2015’te Cannes’da Altın Palmiye için yarışan ve İstanbul, Ankara ve Malatya film festivallerinde En İyi Kısa Film seçilen “Salı” ile tanıdığımız yönetmen ve senarist Ziya Demirel’in ilk uzun metraj filmi “Ela ile Hilmi ve Ali”, ilk gösterimini 41. İstanbul Film Festivali’nde yapıyor. Yapımcılığını Anna Maria Aslanoğlu’nun üstlendiği film, 17 Nisan Pazar günü saat 13:30’da Atlas 1948 Sineması’nda seyirciyle buluşacak ve festivalin Ulusal Uzun Film Yarışması’nda jüri karşısına çıkacak. Başrollerini Ece Yüksel, Serkan Keskin ve Denizhan Akbaba’nın paylaştığı film, aynı apartmanda yaşayan farklı yaşlara ve dünyalara sahip Ela, Hilmi ve Ali’nin peşinde karanlık, kışkırtıcı ve kara mizahı bol bir hikâye anlatıyor. Senaryosunu Nazlı Elif Durlu ve Ziya Demirel’in birlikte yazdığı filmin görüntü yönetmenliğini Doron Tempert üstlenirken, kurgusunu Selda Taşkın ve Henrique Cartaxo, sanat yönetmenliğini Gülay Doğan ve müziklerini Okan Kaya yaptı.

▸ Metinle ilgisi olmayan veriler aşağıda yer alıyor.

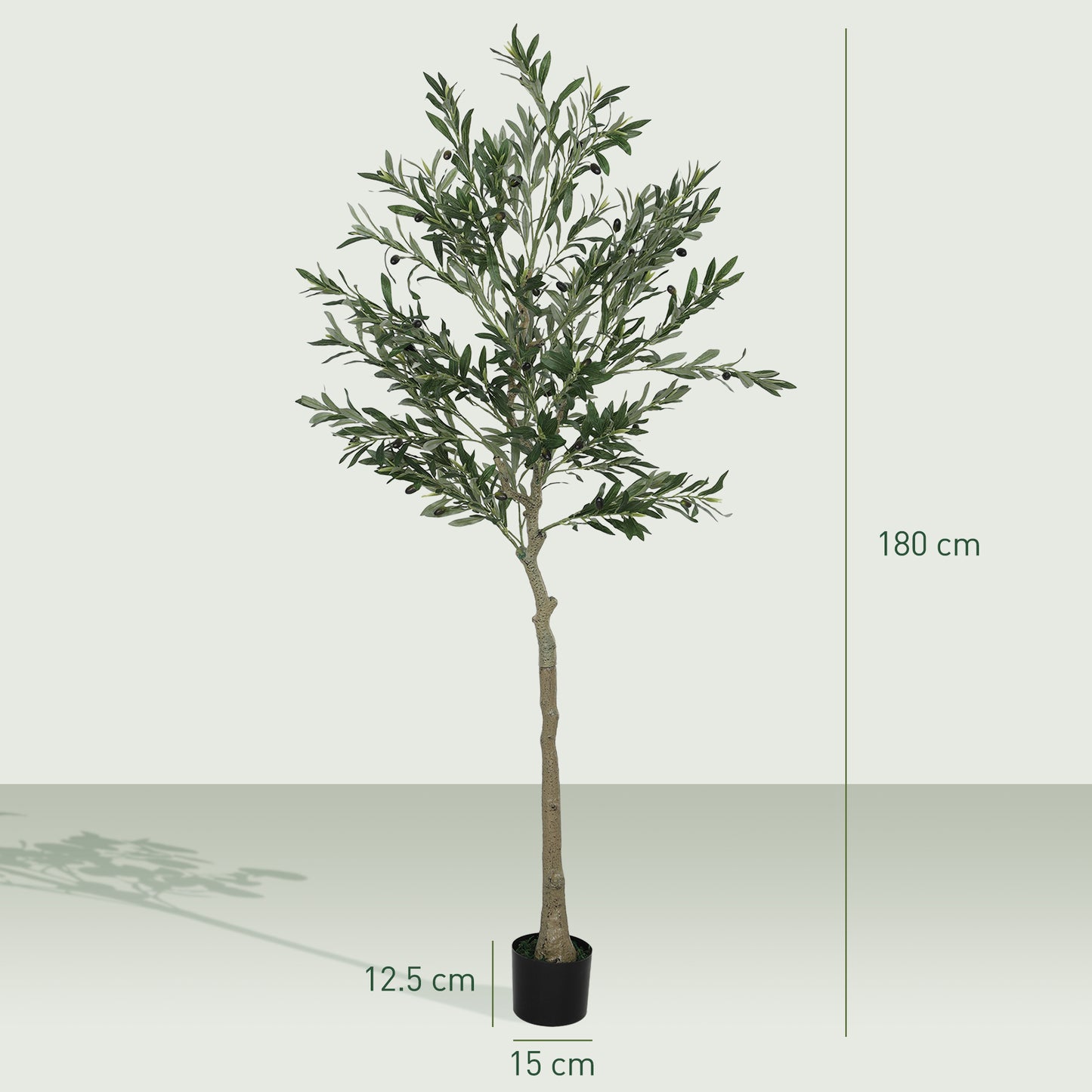 HOMCOM Set of 2 6ft/ 180cm Decorative Artificial Plant, Silk Olive Tree with 900 Leaves and 40 Olive Fruits in Pot, Fake Plant for Home, Office, Living Room, Indoor Decor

“Evicko” (2012) ve 2015’te Cannes Film Festivali’nde Altın Palmiye için yarışan “Salı” gibi ödüllü kısa filmleri ile tanıdığımız yönetmen Ziya Demirel’in ilk uzun kurmaca filmi “Ela ile Hilmi ve Ali”, ilk gösterimini 41. İstanbul Film Festivali’nde yapıyor. 17 Nisan Pazar günü Atlas 1948 Sineması’nda ilk kez seyirciyle buluşacak film, festivalin Ulusal Uzun Film Yarışması’nda jüri karşısına çıkacak.
Tekinsiz bir üçgen
Senaryosunu Ziya Demirel ve Nazlı Elif Durlu’nun birlikte yazdığı “Ela ile Hilmi ve Ali”nin yapımcılığını Anna Maria Aslanoğlu üstlendi. Başrollerini Ece Yüksel, Serkan Keskin ve Denizhan Akbaba’nın paylaştığı filmin konusu ise kısaca şöyle: Yılların matematik hocası Hilmi, kendinden yaşça küçük eşi Ela’yı üniversite sınavına hazırlarken, apartman görevlisinin ikidir sınıfta kalan 15 yaşındaki oğlu Ali’ye de matematik çalıştırır. Yaşları ve dünyaları farklı bu üç kişi, yalnızlıklarına merhemi birbirlerinde ararken, sınırların kalktığı ve tekinsizleşen bir üçgende kendilerini sıkışmış bulurlar.
Görüntü yönetmenliğini Doron Tempert’in yaptığı filmin kurgusunu Selda Taşkın ve Henrique Cartaxo, sanat yönetmenliğini Gülay Doğan üstlenirken, müziklerini de Okan Kaya yaptı. Proje halinde iken 2017 yılında Saraybosna Film Festivali’nin Film Geliştirme ve Ortak Yapım Marketi’nden ARTE Ödülü’nü alan film, Almanya-Türkiye Ortak Yapım Geliştirme Fonu’nun katkılarıyla ve Tanay Abbasoğlu, Öykü Canlı ile Dirk Engelhardt’ın ortak yapımcılığında hayata geçti.